To set up workflow rules, you first create evaluation criteria specifying when the rule should run. After this you create filter logic for the rule criteria so that the workflow rule will only run an action in the specific instances you want. Similar to formula fields, you can add logic around multiple fields of different types, and then add advanced logic filters to string the criteria together.
You can configure workflow actions to execute immediately when a record meets the conditions in your workflow rule, or set time triggers that execute the workflow actions on a specific day. A workflow action is an email alert, field update, outbound message, or task that fires when the conditions of a workflow rule are met. You can specify one or multiple workflow actions for any given workflow rule.
Visual workflow, also known as flow, is a workflow that has the potential for different outcomes and is dependant on human interaction to progress within the flow. The differences between flow and workflow are first apparent when comparing what the two look like during creation. Workflow is a wizard for setting up configurations for your procedure, and flow is a design tool with drag and drop components to make a dynamic flow chart.

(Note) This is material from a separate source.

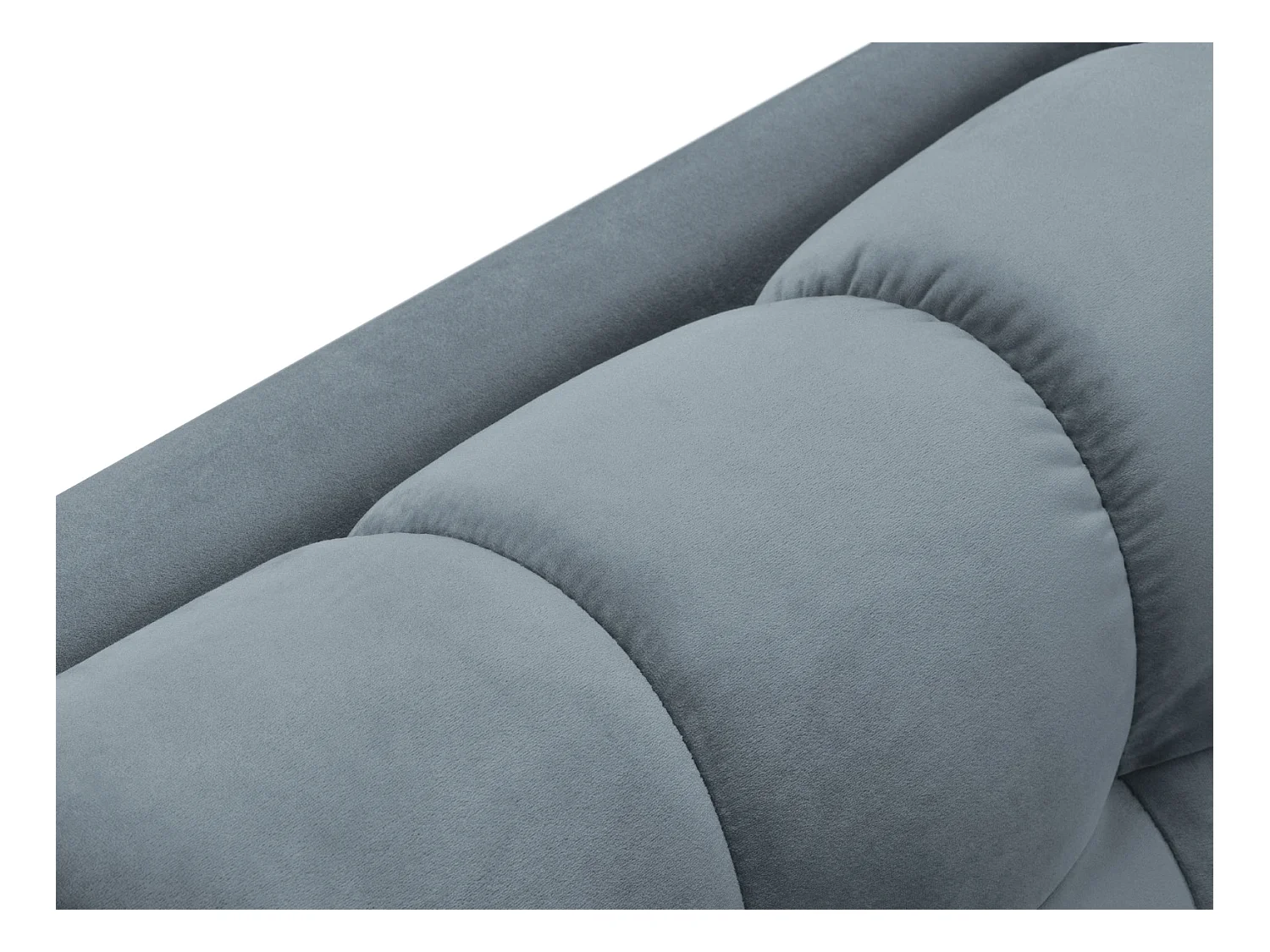 Cosmopolitan Design - Rechter chaise longue "Bali" Flueel, Lichtblauw - 185x102x75cm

While workflows always follow the same protocol (when a criteria is met run its associated action), flow has conditional statements that could evoke a completely different set of actions based off of a choice within the decision tree. Flow, like workflow, will run associated actions after cues from the end user, but it extends workflow by also being able to redirect the user and respond with varying actions.
In addition to workflow rules, Force.com has approval processes to extend workflow functionality and allow users to approve records while maintaining an audit trail on the approval history. When defining an approval process, you specify who must approve the record and in what order the approval flow must go. You can setup initial actions, actions on individual steps, and actions for after the record has been fully approved or rejected.
Setting up an approval process is very similar to workflow. First you setup your entry criteria, which defines when to fire the approval process. Then you select who will need to approve the record or set of records after the approval process starts. A set of actions will execute both when the approval fires and when it finishes, and you can define those actions from the setup. Just like workflow actions, approval processes can send an email alert or outbound message, update a field, or create a task.
Approval processes fire off of a single record, and as such can also be tracked in the approval history related list on that record's detail page. Each process has an audit trail that shows you where in the approval process the record is and when an approval has been approved or rejected.
There are several manual processes that can be automated using the business logic point-and-click tools. First, in regards to data entry, you can configure automatic calculation updates on your data through use of formula fields or roll-up summaries. If you have actions that need to happen after changes are made within your organization, a workflow, flow, or approval process might be the solution for you.
Using these resources to build out the functionality of your org can increase the efficiency of your applications as well as ensure the effectiveness of the overall system. Automated business logic eliminates the potential of manual calculation/entry error and provides an audit trail of the different processes so you can track when things were done or what part of the process they are in.